Applications of Hash Functions
Suppose you sign a partnership agreement and later on have a dispute. You and your partner both present copies of the contract to a judge, but they say different things. How can the judge determine which is genuine? Suppose the judge had access to a hash of the contract as it was on the day it was signed. He could then compare it to hashes of the contracts presented to him by you and your partner. The genuine contract will produce the same hash, and any altered contract will produce something else. You may ask how the judge might have access to a hash of the contract he knows was taken on the day it was signed. Read on about digital signatures and blockchain below.
Securely Verifying Logins
When a user tries to log into a system, the system compares the password the user provides to the one stored in its files. The problem with this is that the passwords stored by the system might be stolen by hackers.

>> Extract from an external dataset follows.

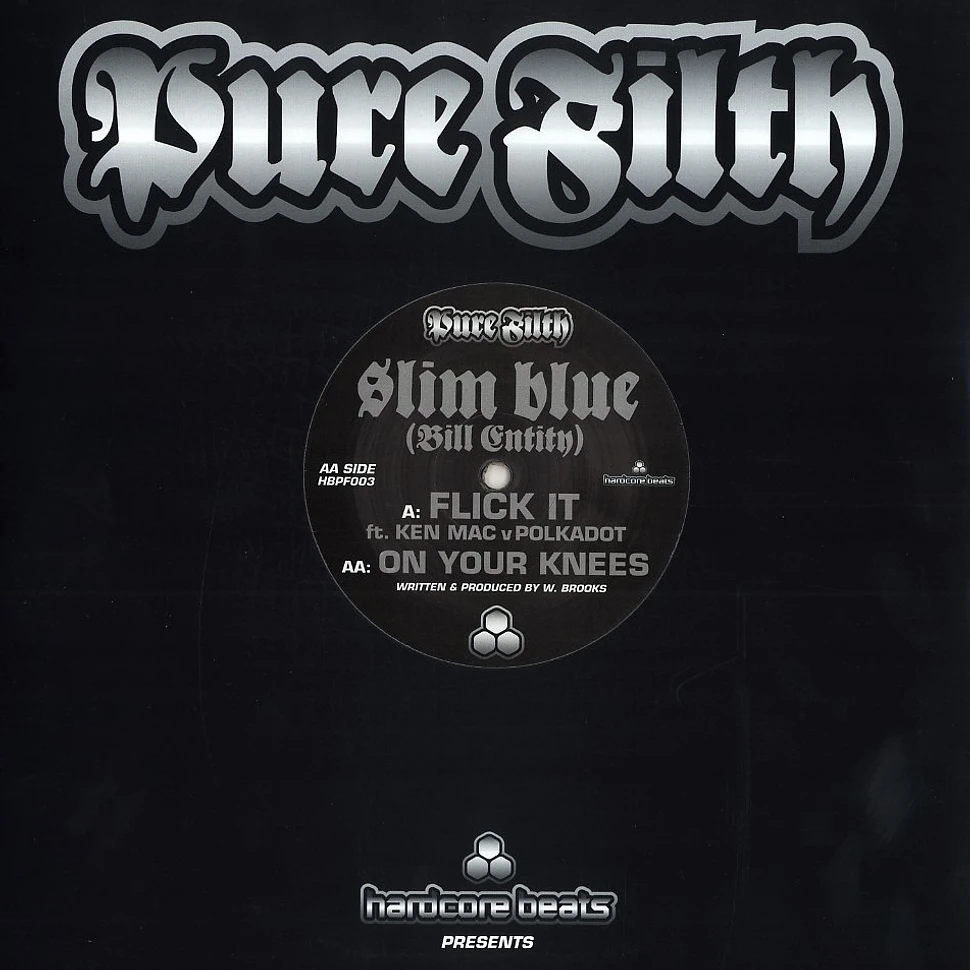 Slim Blue - Flick it feat. Ken Mac & Polkadot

Thus, it is good security practice to store only hashes of user credentials. Users still type in passwords, but the system immediately takes a hash and compares it to the hashed password stored in its files. If the password is correct, the hashed password will match a stored hash. If the hashed password file is stolen from the system, it is of no use. The password cannot be determined from the hash, and the system requires a correct plaintext password to grant access, not the hash itself.

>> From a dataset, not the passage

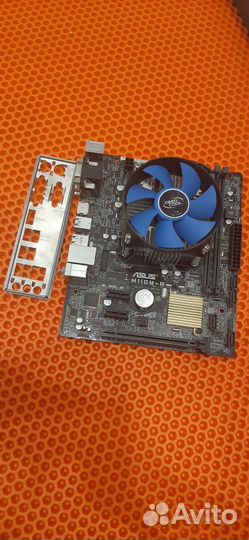 Комплект процессор qnct, Asus H110M-R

Securely Resetting Passwords
Sometimes when you forget a password, you can request that it be sent from the website to your verified email address. This is not the most secure practice since email often transits the Internet in plaintext and can be stored on any intermediate server that passes the message along. However, if a website follows the practice of only storing hashes of passwords, it literally cannot send a user his password since it does not know it itself. This is why you sometimes get a message asking you to click on a one-time link that quickly expires to choose a new password. This password is immediately hashed and stored. This approach relies on three things to make it secure: that the email address has previously been validated, the use of two part authentication in many cases, and the fact that a hacker would have to intercept and use the link immediately while having access to your email account.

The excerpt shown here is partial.